I also tried to do a dedup Security_ID, _time, host
before the stats dc command but it didn't help the overall speed.
It takes well over 10 minutes to complete this search for a week, and I'd like to be able to run this for 30 60 or 90 days. What do I need to do for that to be viable?
Heya @timbCFCA, if DalJeanis solved your problem, please don't forget to accept an answer! You can upvote posts as well. (Karma points will be awarded for either action.) Happy Splunking!

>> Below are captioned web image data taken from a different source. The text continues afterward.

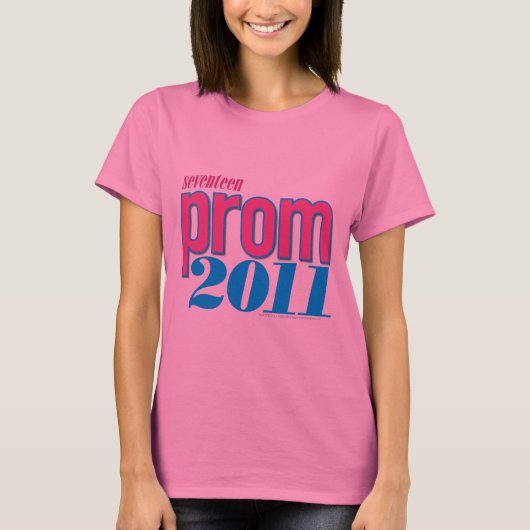 Prom 2011 - Aqua T-shirt (Voorkant)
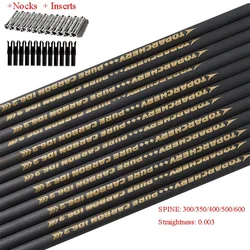 Flechas carbono TOPARCHERY 33″ precisión caza y tiro con arco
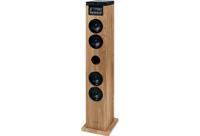 Torenluidspreker - THOMSON - Zwart/Hout - Bluetooth/CD/USB/SD, 60W, FM-radio, Afstandsbediening, Voeding 230V - thumbnail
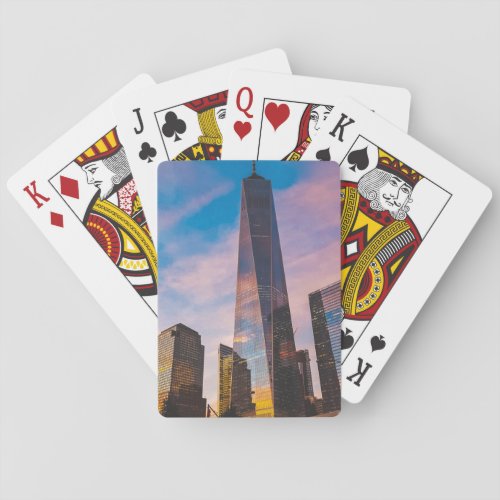 One World Tower Landmark 1 World Trade Centre  Poker Cards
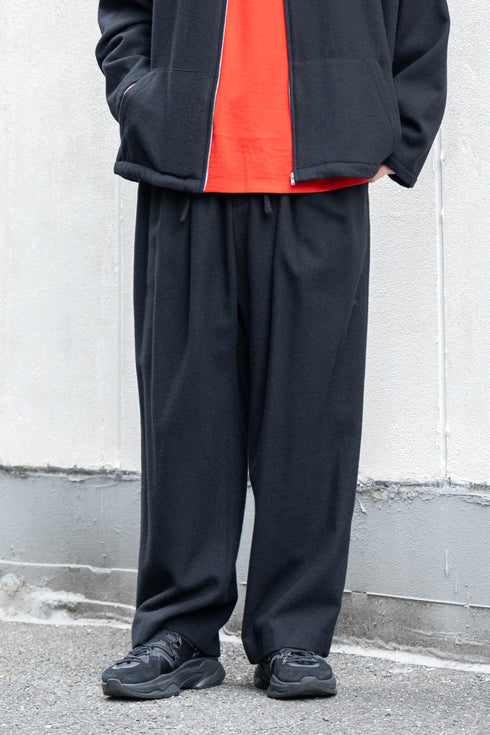 【Blanc YM】"CASHMERE WIDE PANTS"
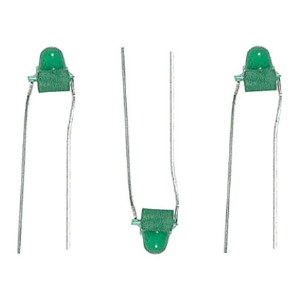1.5mm LED, Green 12pk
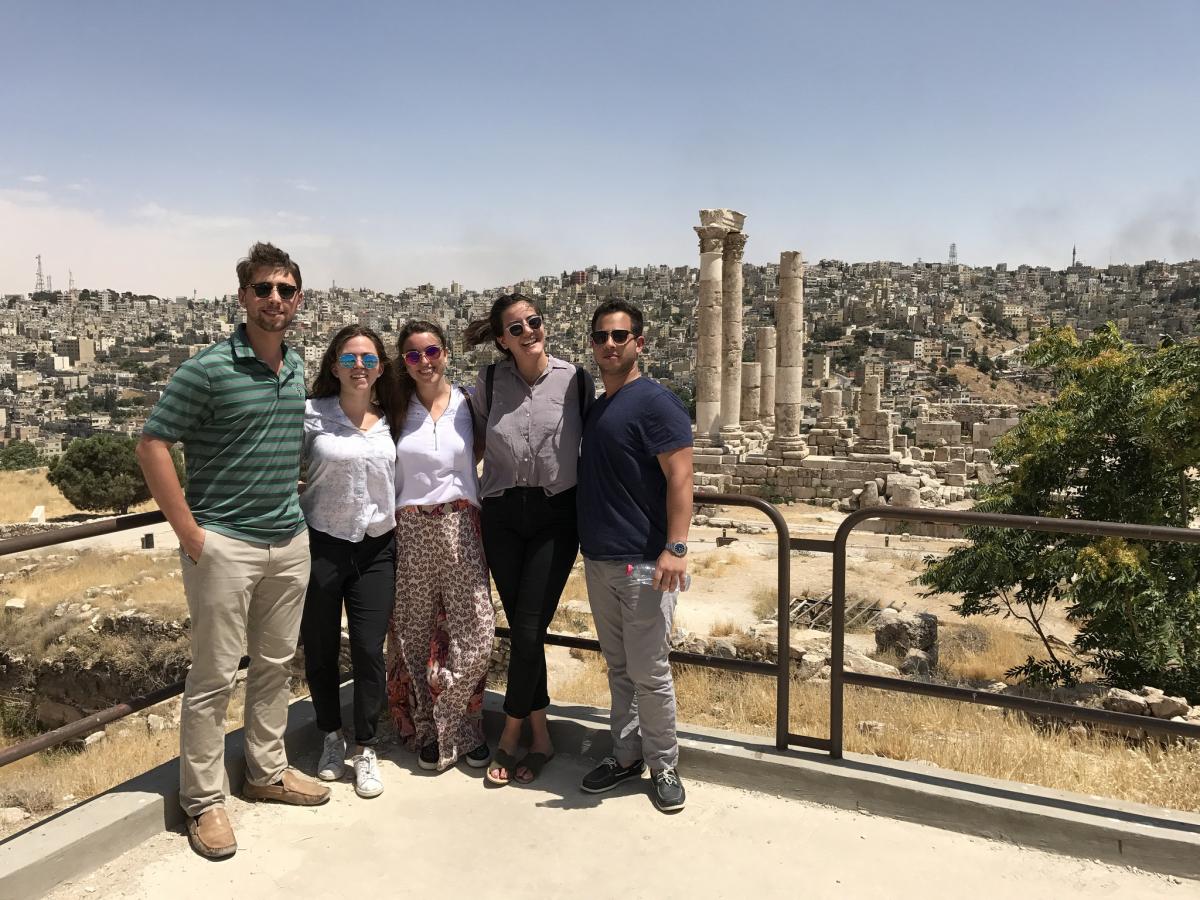 Nadherny with other Tulane students in Amman, Jordan
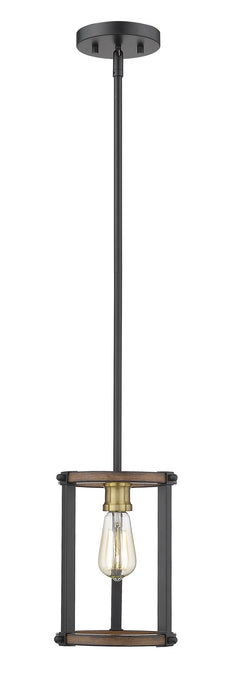 Z-Lite 472MPR-RM One Light Pendant, Rustic Mahogany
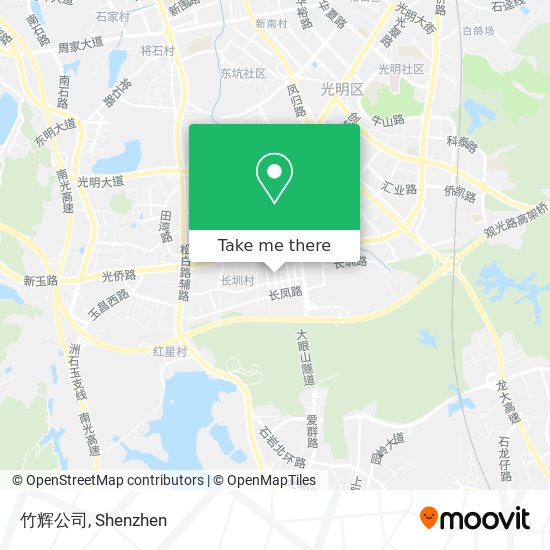 竹辉公司 map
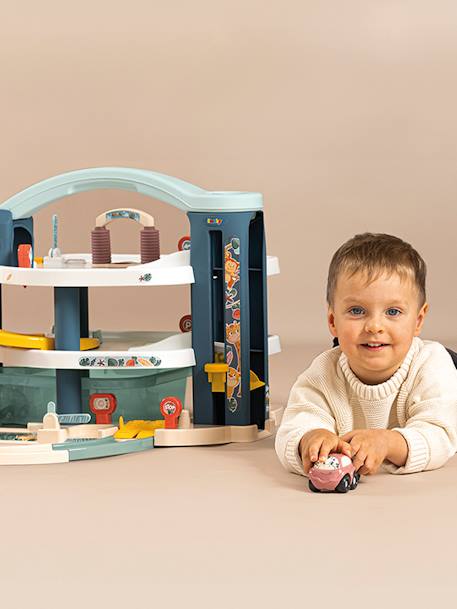 Grote garage LITTLE SMOBY meerkleurig - vertbaudet enfant 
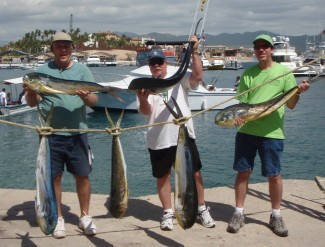 Catching some fish with Carl Fischer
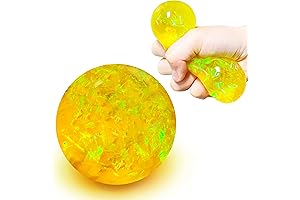 Yellow Glitter Stress Balls: Relaxation in a Pinch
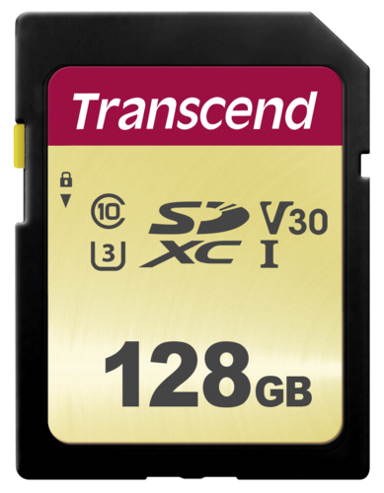 TRANSCEND Memorijska kartica SDXC 500S 128GB Class 10 UHS-I U3 V30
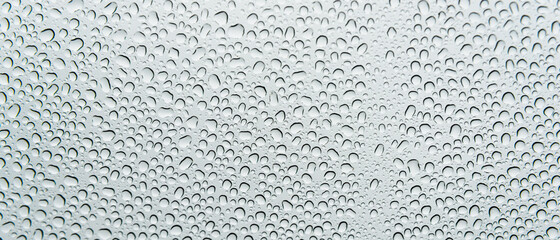 Bannière de gouttes de pluie sur une vitre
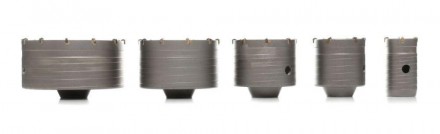Набір кільцевих коронок для бетону SDS Plus і SDS Max TAGRED TA1510 - виготовлен. . фото 8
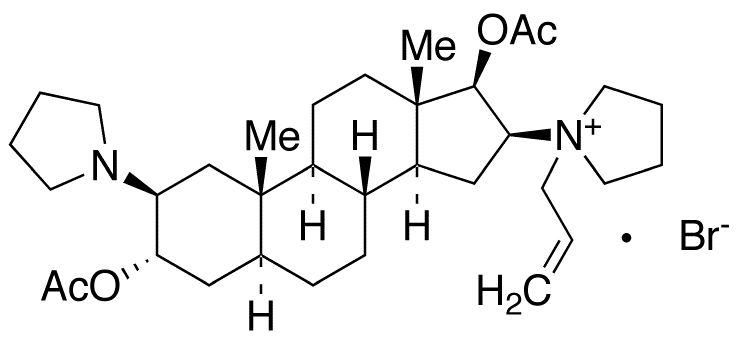 2-Pyrrolidinyl-3-acetyl Desmorpholinylrocuronium Bromide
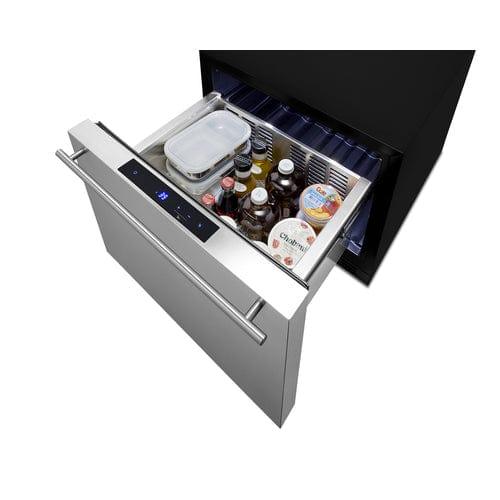 Summit Refrigerators Summit Commercial 21.5" Wide Built-In Drawer Refrigerator FF1DSS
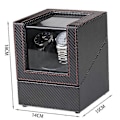Miniatyrbilde 3 av 3: Dobbel 2+0 Urwinder for Automatiske Ur Urboks USB-Lading Urvikling Mekanisk Boks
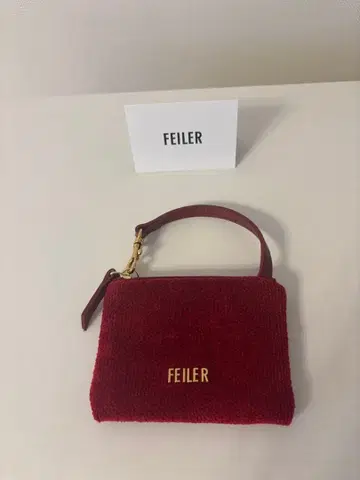 FEILER 페이러 유니컬러 사이드 파우치 레드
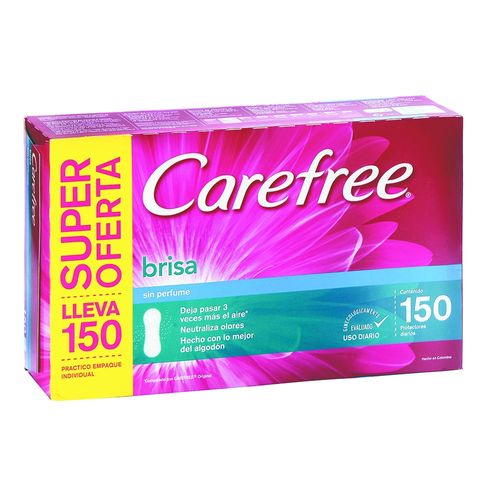 Protector Diario Carefree Brisa sin Perfume 150x120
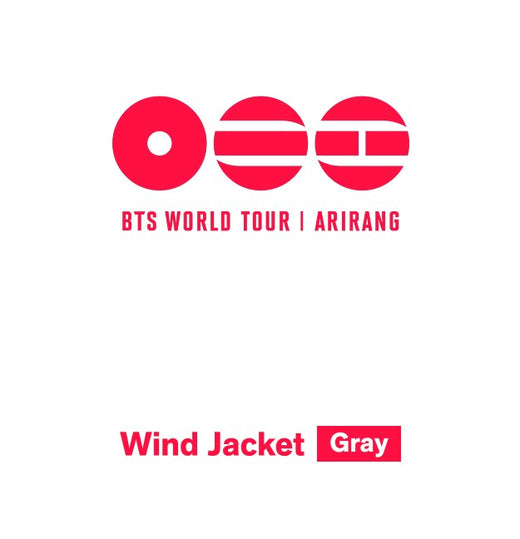 BTS Wind Jacket Gray Hoodie zip-up Authentic K-POP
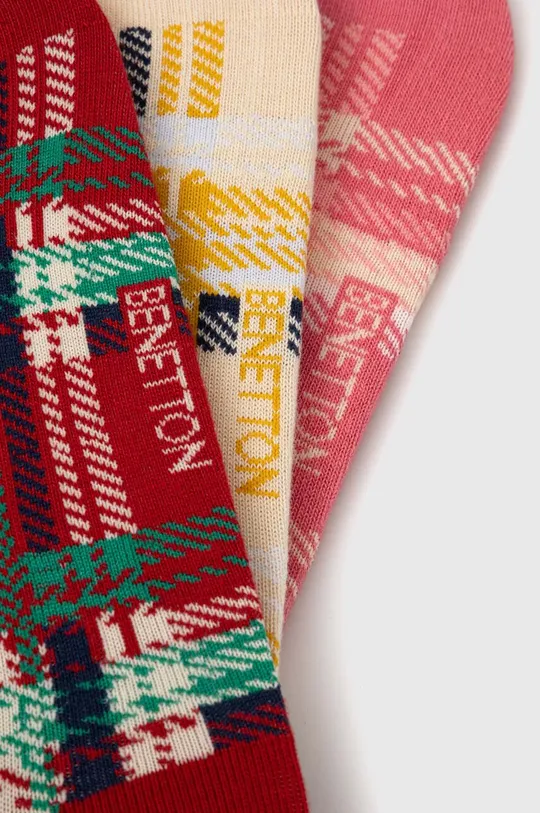 Čarape United Colors of Benetton 3-pack šarena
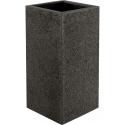 Luca Lifestyle Struttura Cube S 40x40x80 cm hoge plantenbak donkerbruin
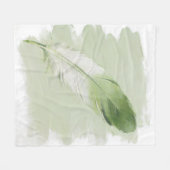 Polaire Couverture en molleton d'art aquarelle bohème vert (Devant (Horizontal))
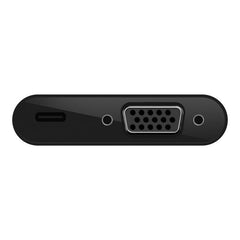Belkin USB-C to VGA Adapter, Up to 60Watts of Power Delivery, Black - AVC001btBK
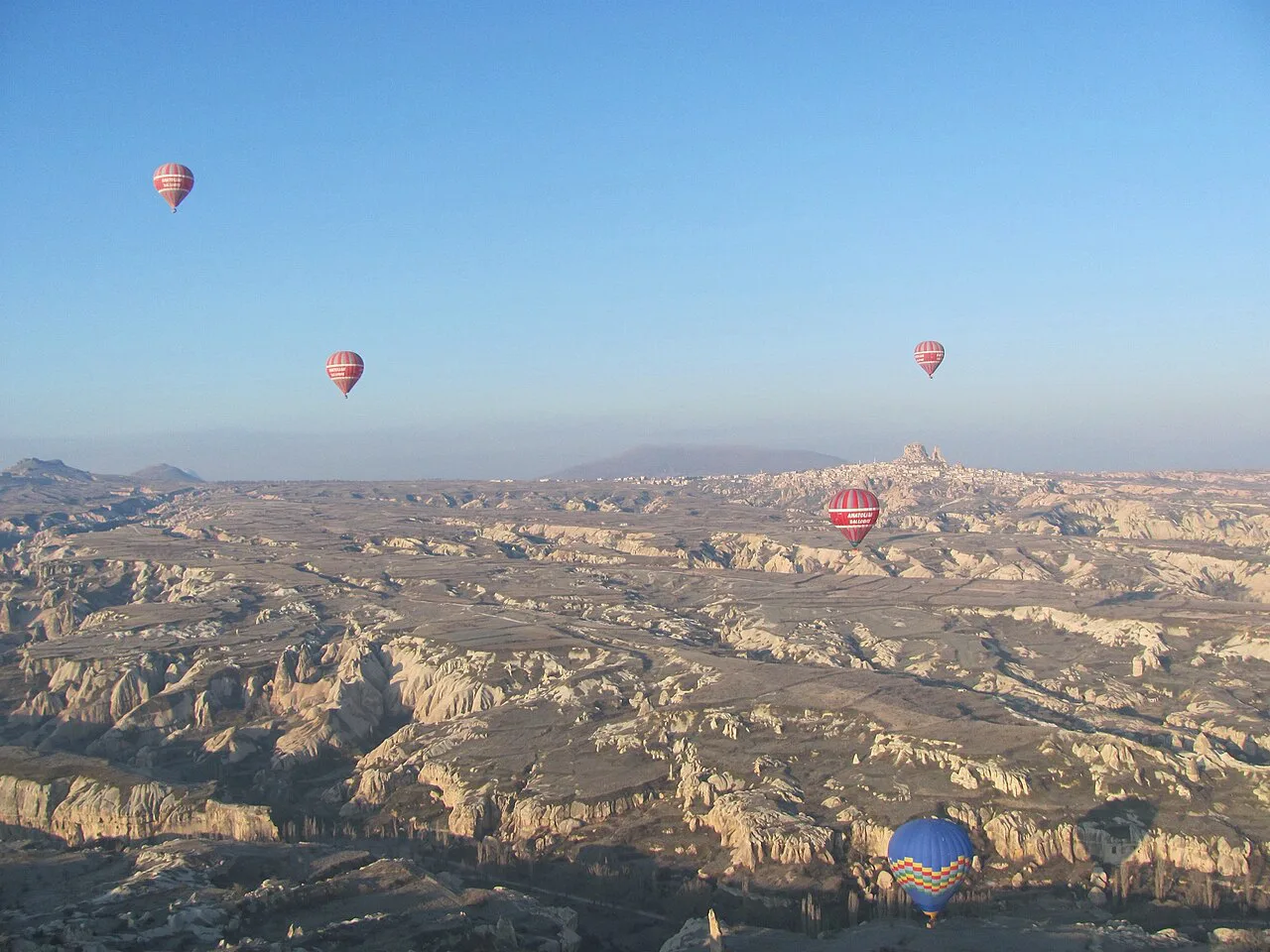 Hot Air Balloons over Cappadocia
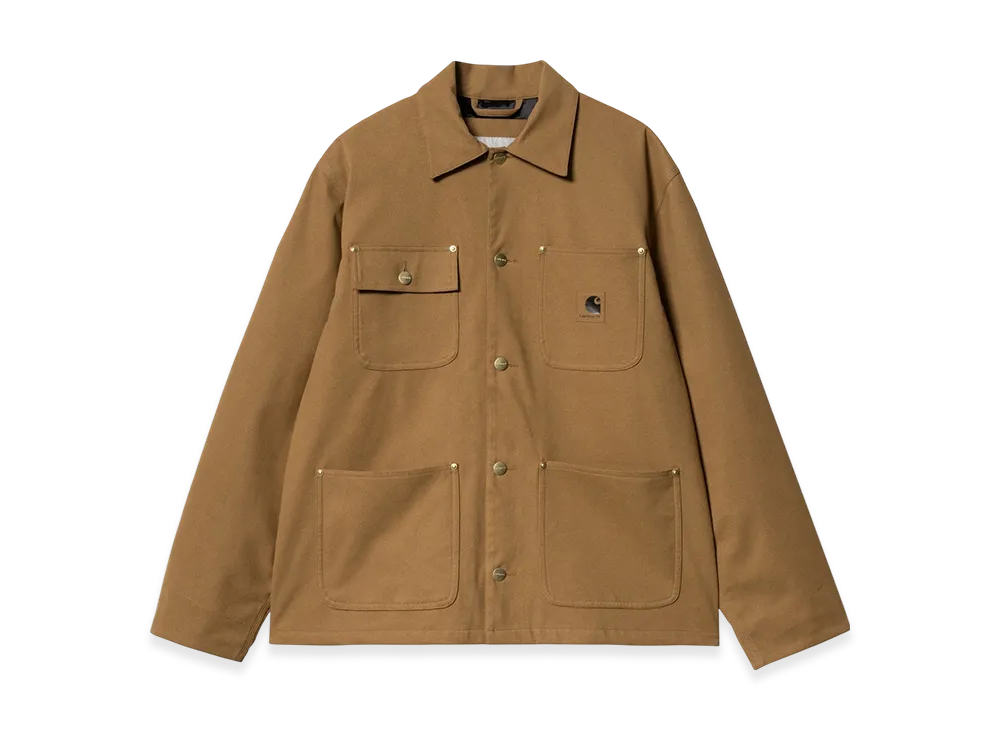 Carhartt WIP Suede Michigan Coat "Hamilton Brown"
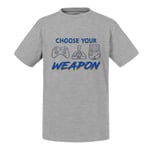 T-Shirt Enfant Choose Your Weapon Jeux Vidéo Retro Gaming Arcade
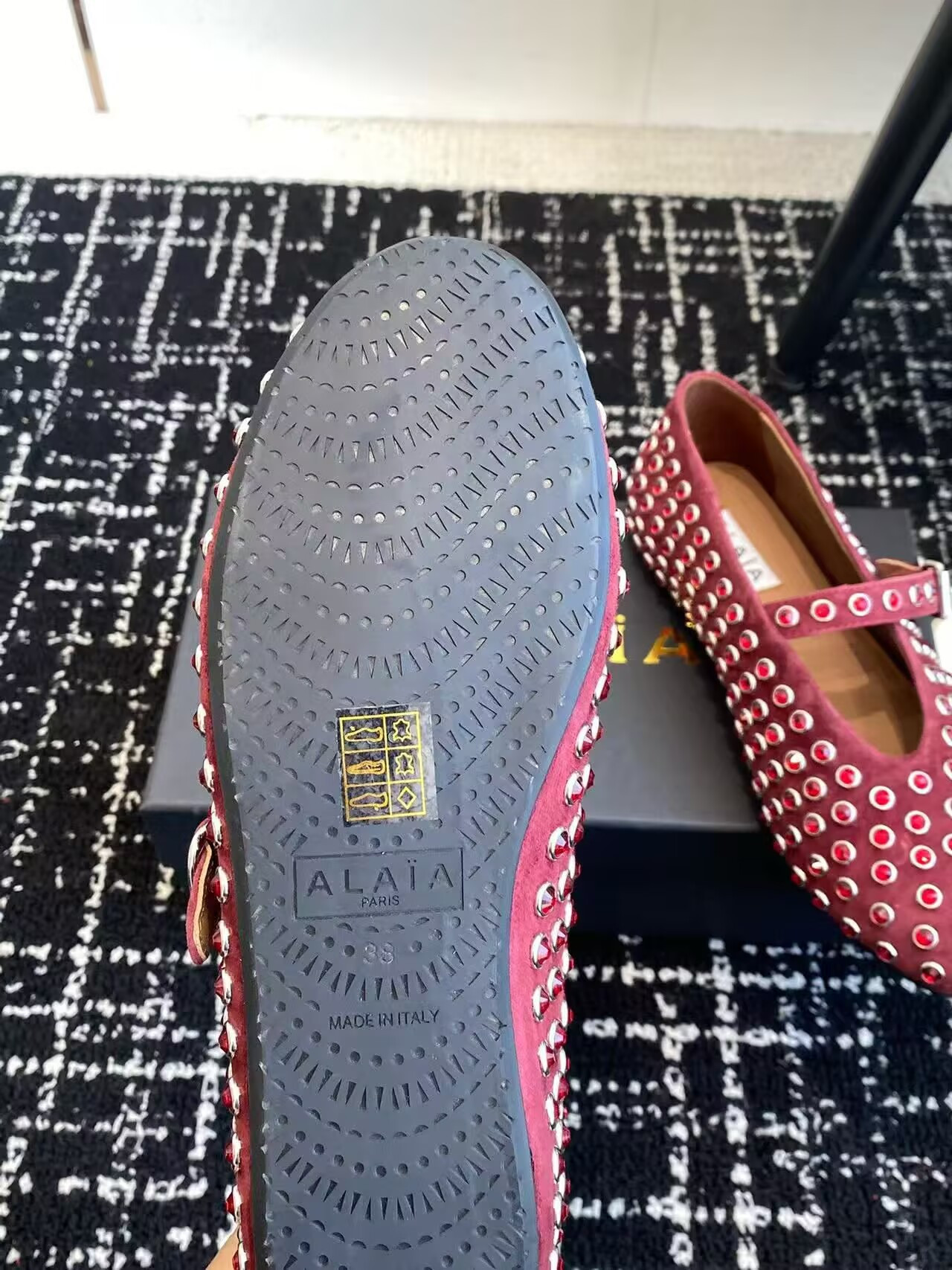 UA A1a1a STRASS BALLET FLATS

Seems puzzling, I do see that Security_ID gets used as a source key several times in transforms.conf in the TA, I wonder if that causes any overhead. Maybe try specifying EventCode=4624 so that it isn't searching through all fields looking for 4624.
How often are you running the search? If you are running it fairly often, then you might consider a summary index so you don't have to re-spin the whole search multiple times a day.
Try this -
index=wineventlog sourcetype="WinEventLog:Security" 4624
| fields host, Security_ID, _time
| eval _time=floor(_time/86400)*86400
| dedup host,Security_ID,_time
| stats dc(host) by Security_ID, _time
Explanation -
eval
is streaming and distributed, while bin
is not. This way, the binning can be done at the individual indexers.
Try it with and without the dedup
and see what happens.
@DalJeanis not really. It did let me save as an accelerated search which helps.
@timbCFCA - Well, that's a decent consolation prize.
Did you try it without the dedup
, which is redundant with the dc()
?
@timbCFCA - Did this change the run time at all?